◆ **TASK INSTRUCTIONS**: Transcribe exactly, and without pictures, only the lines from the one bearing "B-459 ＼工場直送／ 佐賀県産温州みかん100%" through the final line of the data below.

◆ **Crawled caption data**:
--- START ---
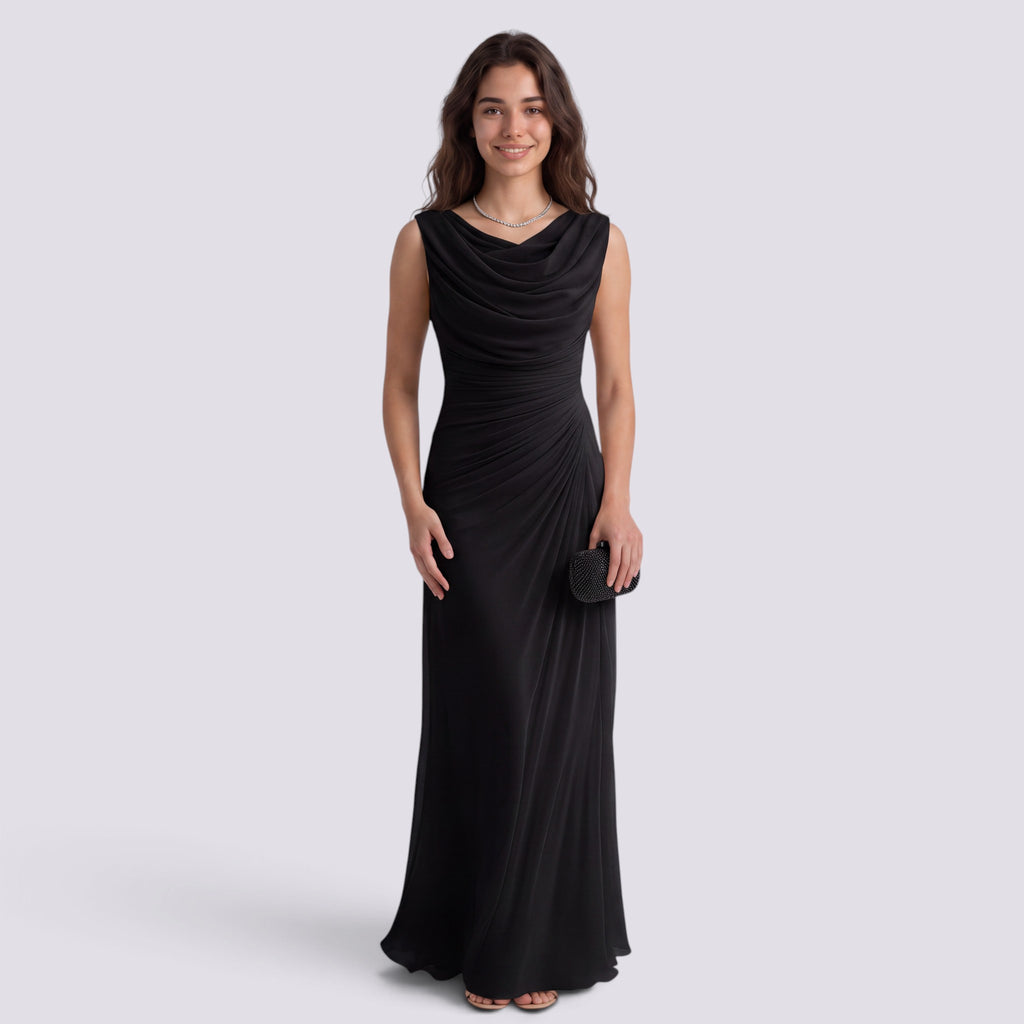Robe de Soirée Longue Plissé Femme Col Drapé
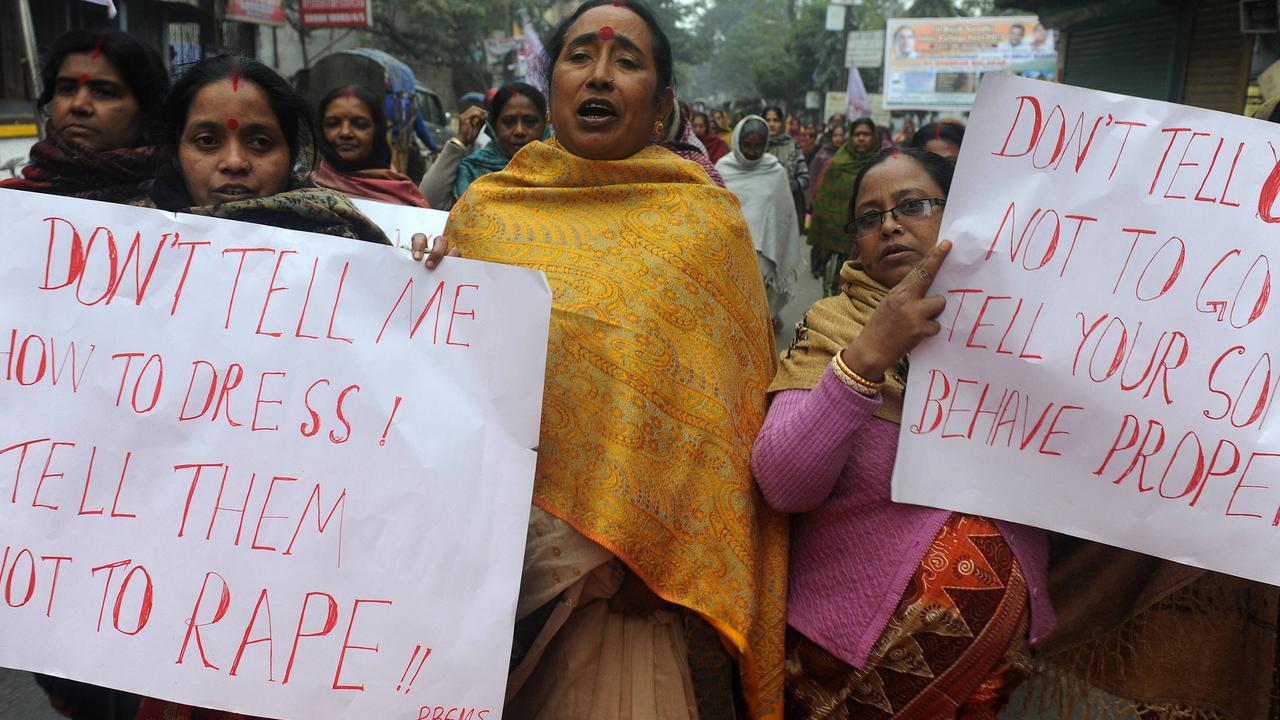 Indian women activists hold placards during a protest against the gang rape and murder of a student in the Indian capital, New Delhi, in Siliguri on January 8, 2013. Picture: AFP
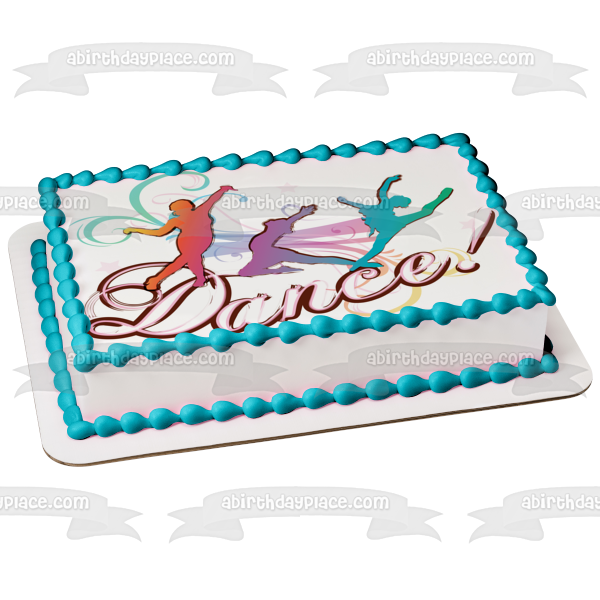 Dance Pink Purple Blue Dancers Edible Cake Topper Image ABPID13193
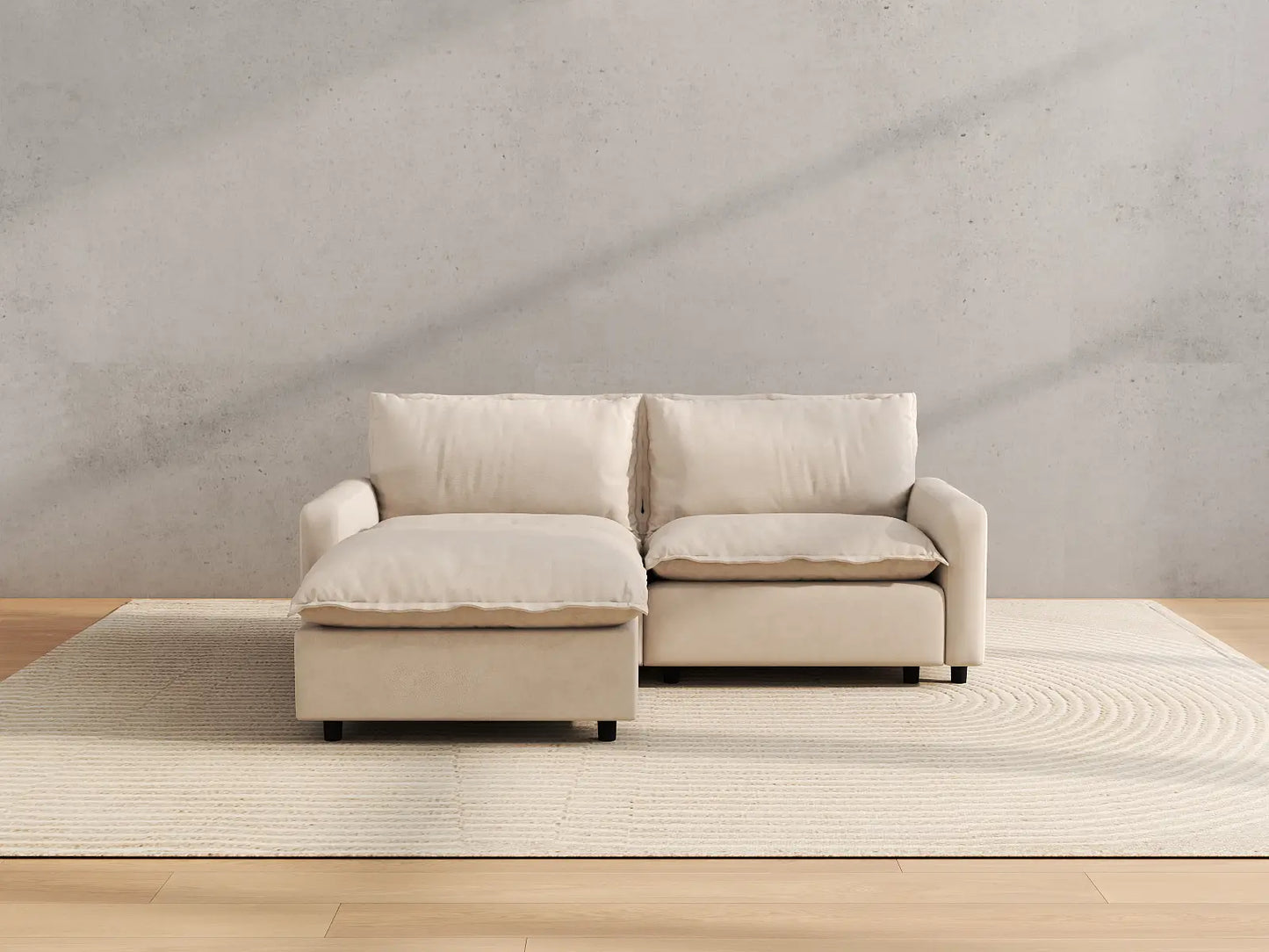 Modular Cero Modular Sectionals | 3-Piece Beige Linen Small Space Chaise Sectionals 2-Seater with 1-Ottoman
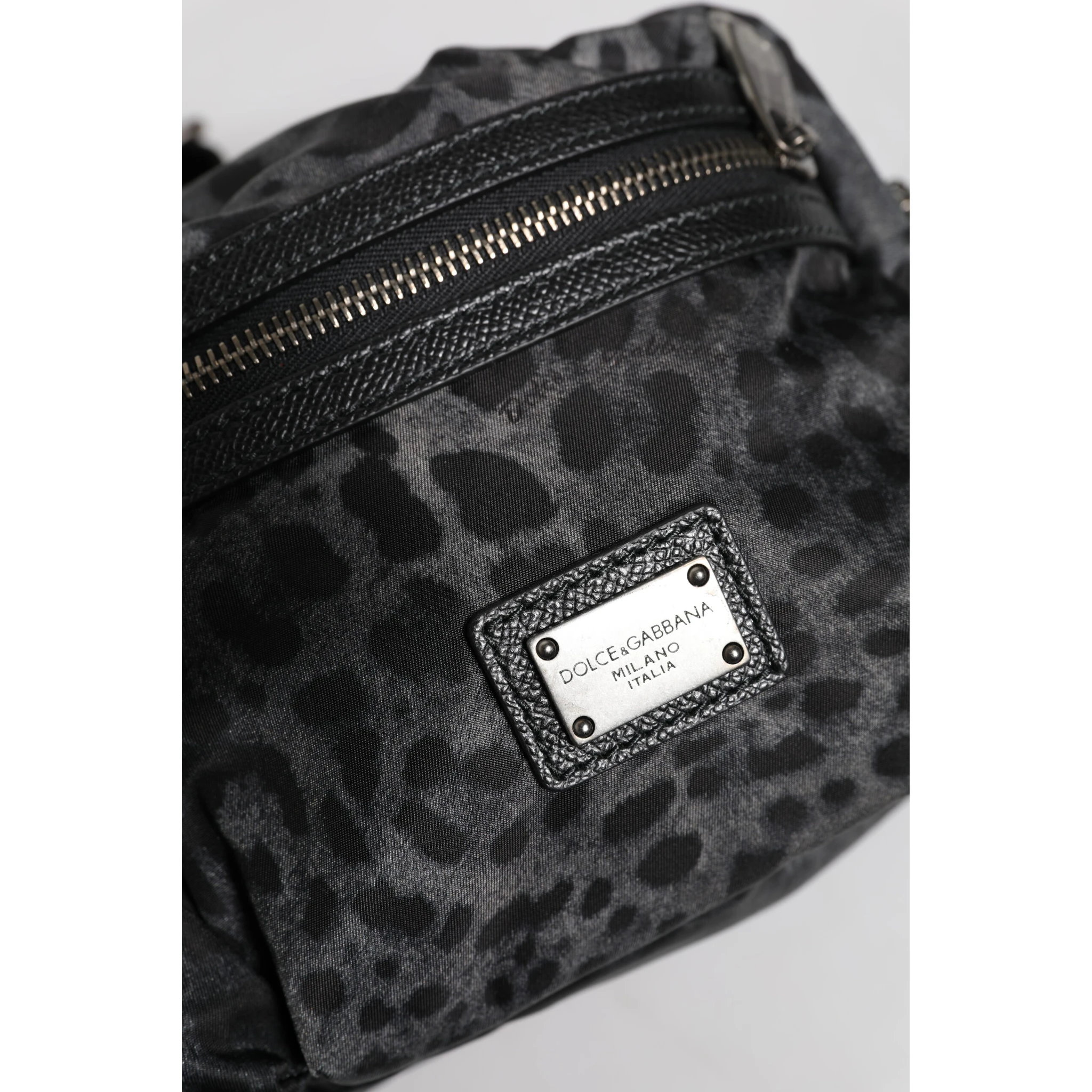 Black Gray Leopard DG Logo Belt Waist Fanny Pack Bag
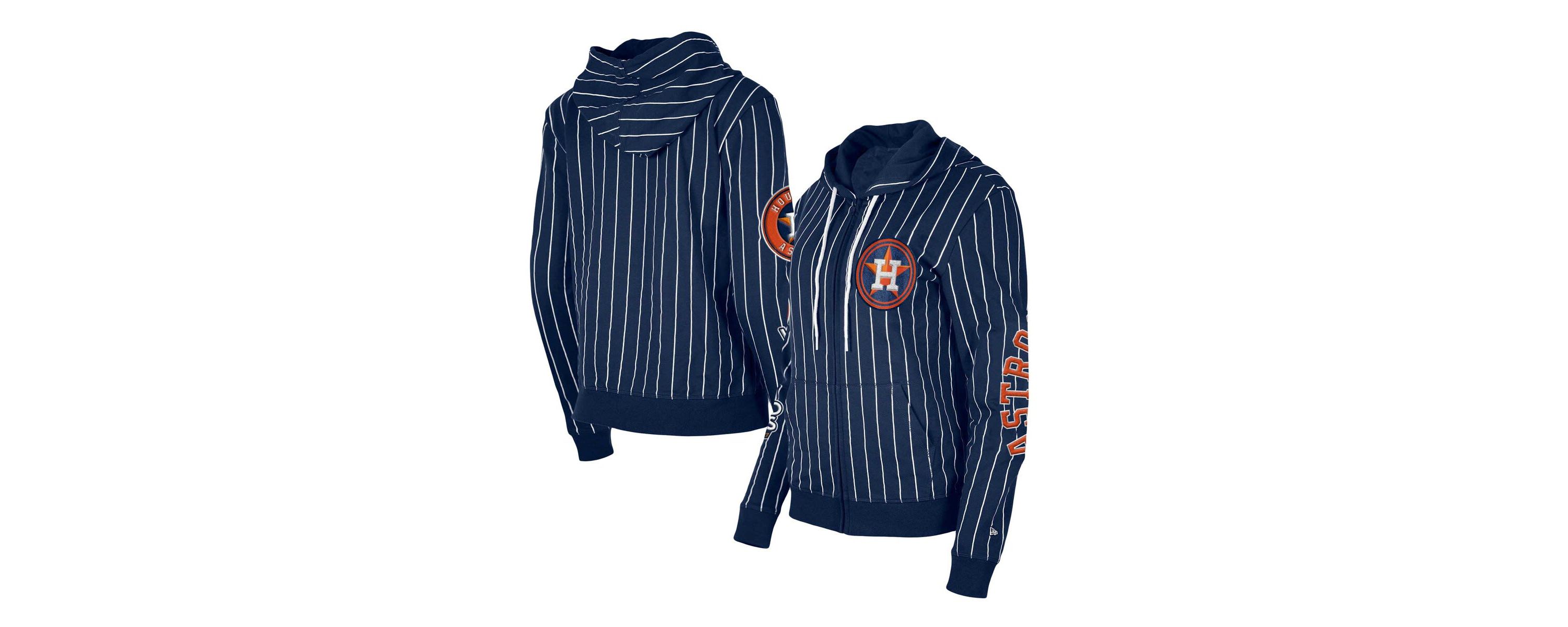MLB Houston Astros Pinstripe Tri-Blend Full-Zip Hoodie Jacket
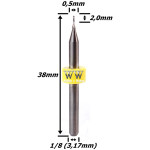 Fresa Helicoidal 0,5mm (2c) X 2,0mm X 38mm X 1/8. (Ftr25)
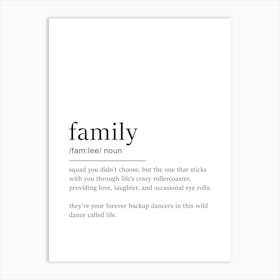 Family Definition Poster - Dictionary Art Print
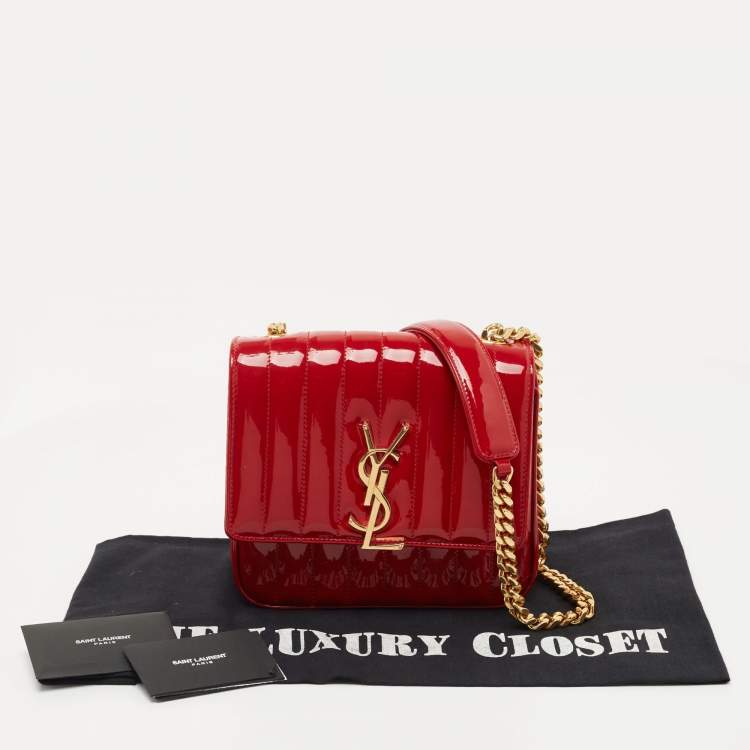 Pre Owned Saint Laurent Red Matelasse Patent Leather Medium Vicky Shoulder Bag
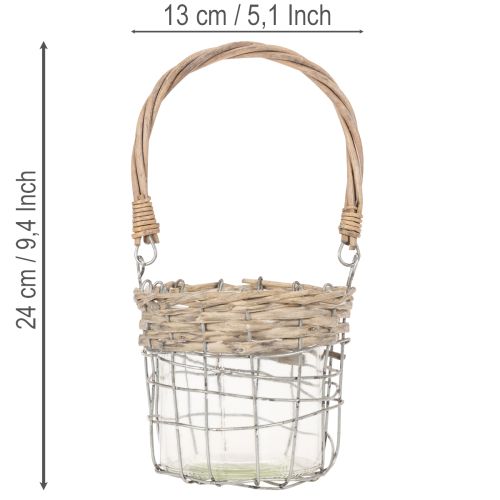 Lanterne décorative suspendue, métal, verre, osier, Ø13 cm H12 cm, 2 pièces | Floristik24.fr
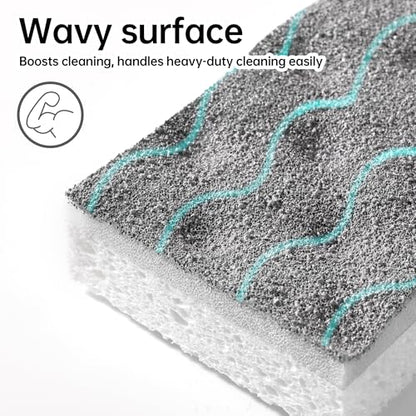 JOYMOOP Textured Clean Sponges, Dual-Sided Non-Scratch Soft Scrub Dish Sponge, Safe for Non-Stick Cookware, Kitchen and Household Cleaning, 12 Pack [Grey & White] - color: Gray & White [12 Pcs]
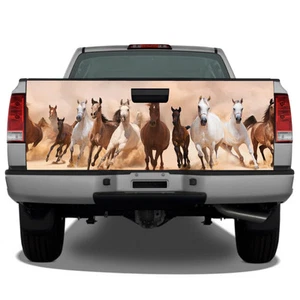 Wild Horses Running Truck Tailgate Vinyl Graphic Decal Wraps - Picture 1 of 3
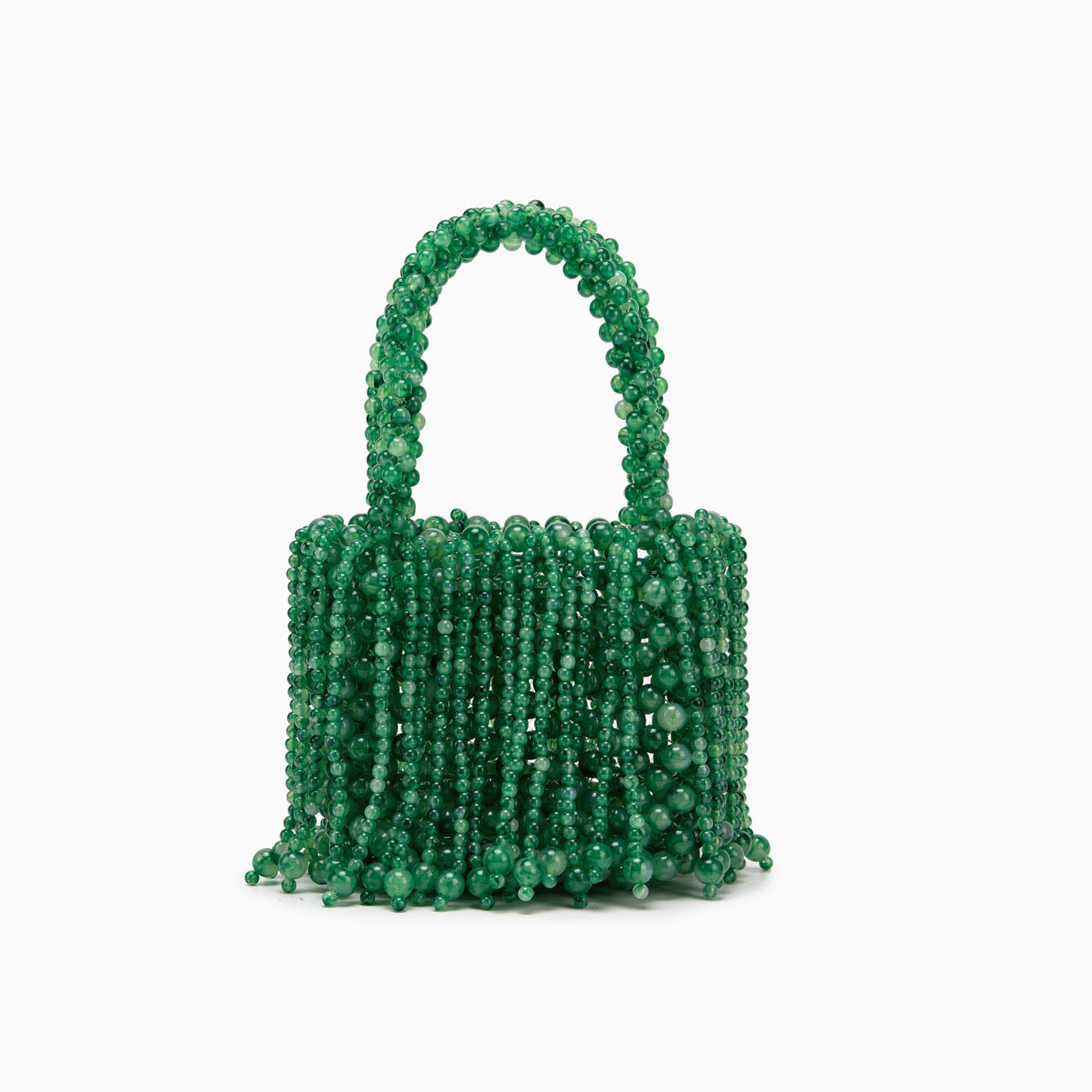 New Dual-color Amber Acrylic Cat-eye Bead Pure Hand-braided Bag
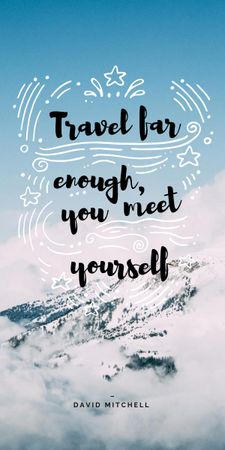 Travel Quote on Snowy Mountains View Graphic Design Template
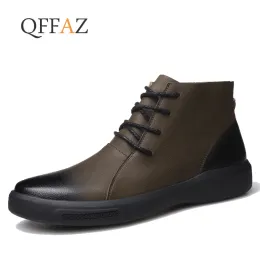 أحذية Qffaz Chelsea Boots Men Winter Winter Shoes أحذية جلدية حذاء كاظر رعاة البقر مقاوم للماء Shose Man دراجة نارية غير رسمية للأحذية للرجال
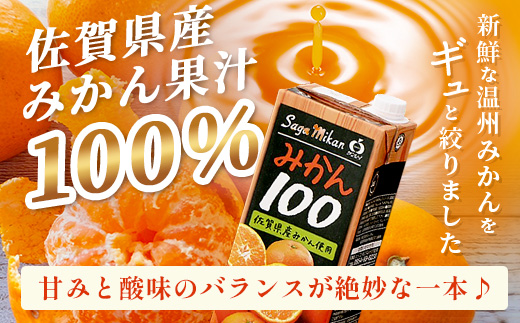 B-459 ＼工場直送／ 佐賀県産温州みかん100% サンレイみかん100|1000ml×6本|合計6L|たっぷり飲める！佐賀県産温州みかん★濃縮還元 |朝食・おやつに◎オレンジジュース みかんジュース 蜜柑 果物 飲料 飲み物 箱買い ストック 大容量 送料無料 リピーター 人気 
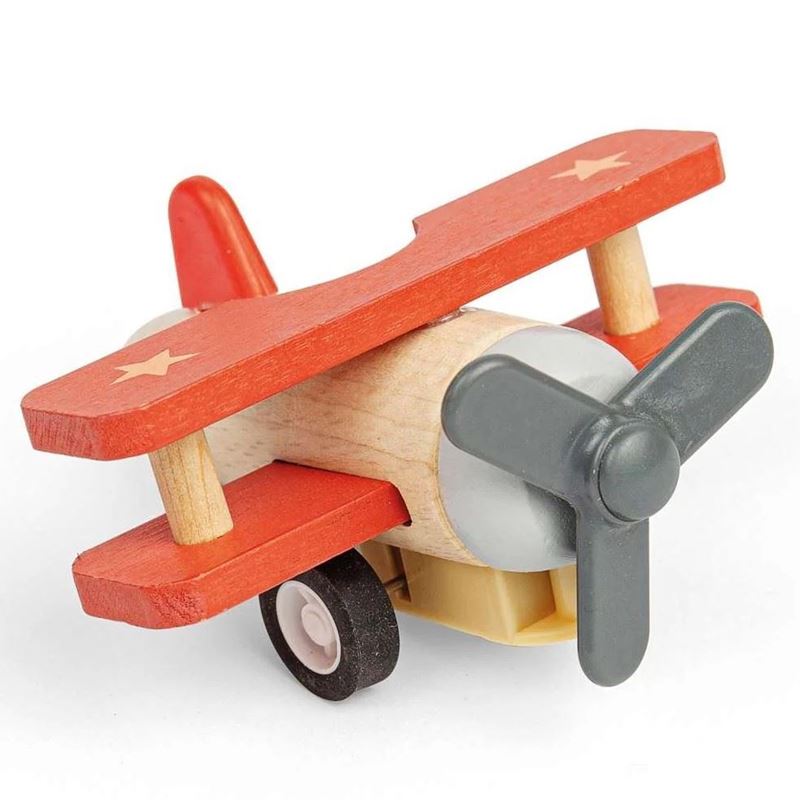 Aereo giocattolo in legno a retrocarica – biplano con elica girevole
--- END ---
◆ **TASK ANSWER**:
 B-459 ＼工場直送／ 佐賀県産温州みかん100% サンレイみかん100|1000ml×6本|合計6L|たっぷり飲める！佐賀県産温州みかん★濃縮還元 |朝食・おやつに◎オレンジジュース みかんジュース 蜜柑 果物 飲料 飲み物 箱買い ストック 大容量 送料無料 リピーター 人気 
 Aereo giocattolo in legno a retrocarica – biplano con elica girevole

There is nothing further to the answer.